§ Given information:
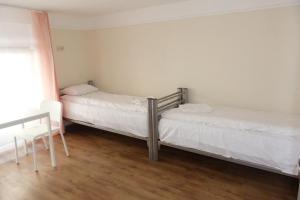 Quadruple Room with Private Bathroom room in Center Hostel and Guest House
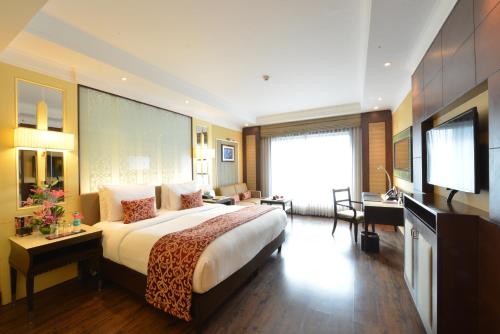 钦奈Ramada Plaza Chennai的酒店客房设有一张大床和一台电视。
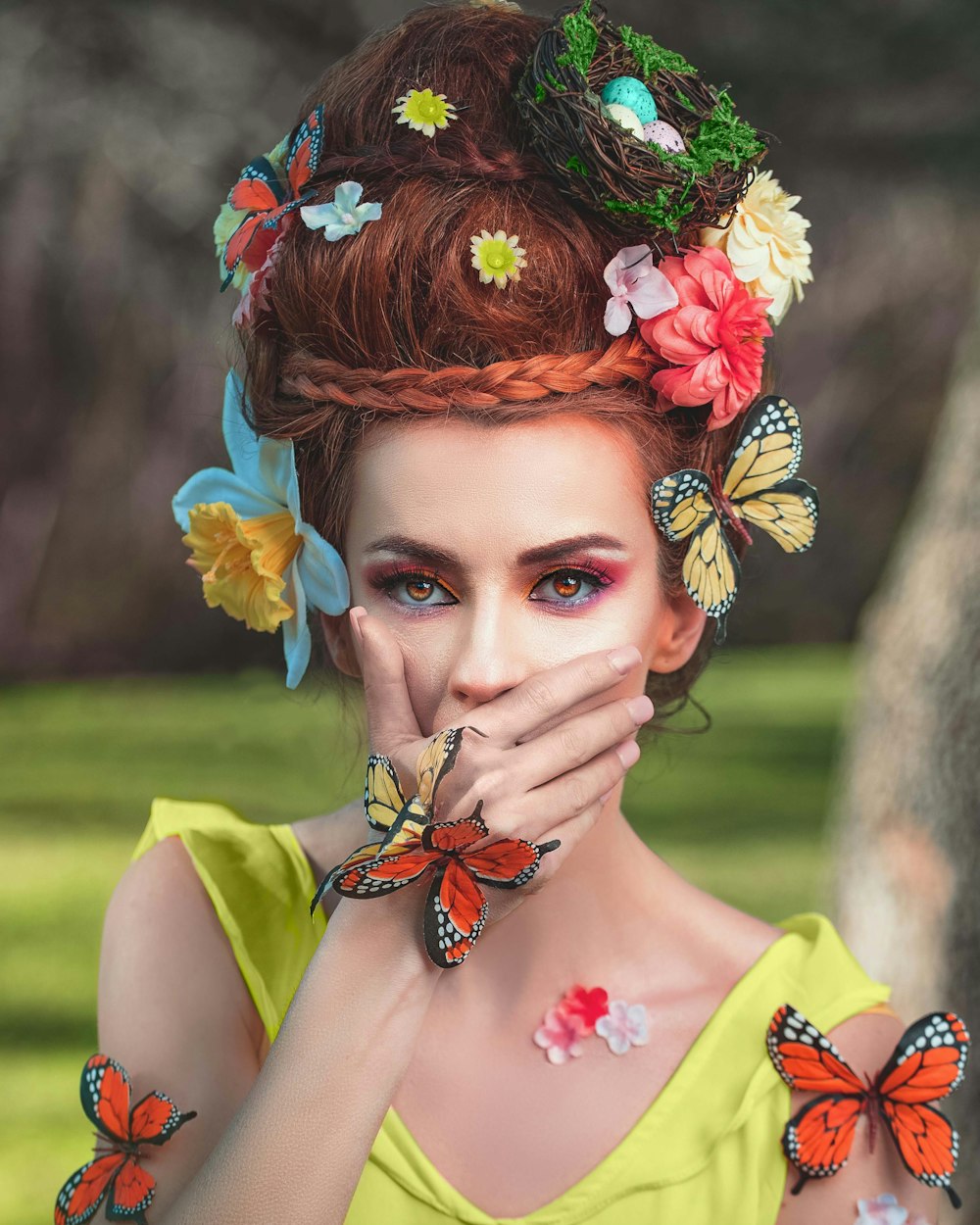 woman in yellow and red floral dress with orange flower headdress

§ Task instructions: Return the material exactly as given above, picture-free.

§ Result of the exercise:
 Quadruple Room with Private Bathroom room in Center Hostel and Guest House
 钦奈Ramada Plaza Chennai的酒店客房设有一张大床和一台电视。
 woman in yellow and red floral dress with orange flower headdress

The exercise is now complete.